The 67-year-old had previously said that he admitted responsibility for overseeing the murders of around 15,000 men, women and children at the notorious S-21 or Tuol Sleng prison and begged for forgiveness.

International prosecutors earlier this week asked the judges to impose a jail sentence of 40 years on Duch, whose real name is Kaing Guek Eav, for his role in the brutal 1975-1979 communist regime.

"I would ask the chambers to release me. Thank you very much," Duch said at the end of his closing statement to the court, officially known as the Extraordinary Chambers in the Courts of Cambodia.

Following a query by judges, Duch's Cambodian lawyer, Kar Savuth, then confirmed that Duch was asking to be acquitted on the grounds that he was not a senior member of the Khmer Rouge hierarchy.

Duch's request comes after earlier signs of disharmony between his Cambodian defence lawyers and his international counsel.

Kar Savuth said on Wednesday for the first time that Duch should be acquitted, while French defence lawyer Francois Roux on Thursday said only that the court should consider Duch's expressions of remorse when sentencing.

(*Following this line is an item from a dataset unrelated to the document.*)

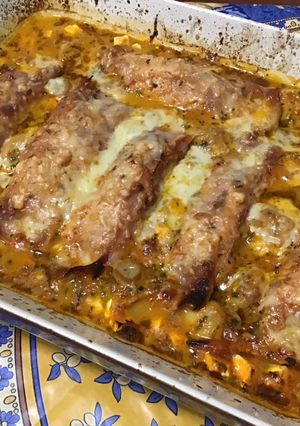 Une photo de Endives gratinées jambon champignons tomate emmental et feta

The court has a panel of five judges, two of them foreign. They are expected to hand down a verdict early next year.

Prosecutors earlier said the judges must send a "clear message to the future" when they decide Duch's fate, saying Duch had failed to fully confess to his role in a regime that killed up to two million people.

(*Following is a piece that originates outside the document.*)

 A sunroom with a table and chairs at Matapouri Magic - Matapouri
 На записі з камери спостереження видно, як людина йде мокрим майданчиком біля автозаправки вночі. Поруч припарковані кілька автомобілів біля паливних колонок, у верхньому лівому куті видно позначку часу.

"In respect of the victims, in respect of Cambodia's future, in respect of the principle of no peace without justice, I would ask that you remember the victims of S-21," international prosecutor Bill Smith told the judges.

"Allow your judgement to send a clear message to the future of Cambodia."

Giving his last arguments in rebuttal of defence speeches this week, Smith said that Duch had missed his last chance to fully confess to his crimes.

"We gave the accused that opportunity about two days ago to say to this court, to say to the people of Cambodia, 'Yes, I committed these crimes. I committed them willingly, I committed them because I believed in the (Khmer Rouge) and I'm sorry for that'," Smith said.

"But what he's done... he's had his international counsel say he was a small cog in a machine."

Tuol Sleng was at the heart of the Khmer Rouge security apparatus and inmates were taken from there during Duch's tenure for execution at nearby Choeung Ek, an orchard now known as the "Killing Fields".

Duch's defence have maintained he was not a leading figure in the regime and that the former maths teacher-turned-revolutionary acted out of fear for his own safety and that of his family.

Khmer Rouge leader Pol Pot died in 1998. The joint trial of four other more senior Khmer Rouge leaders is expected to start in 2011, while the court is considering whether to open cases against five other former Khmer Rouge cadres.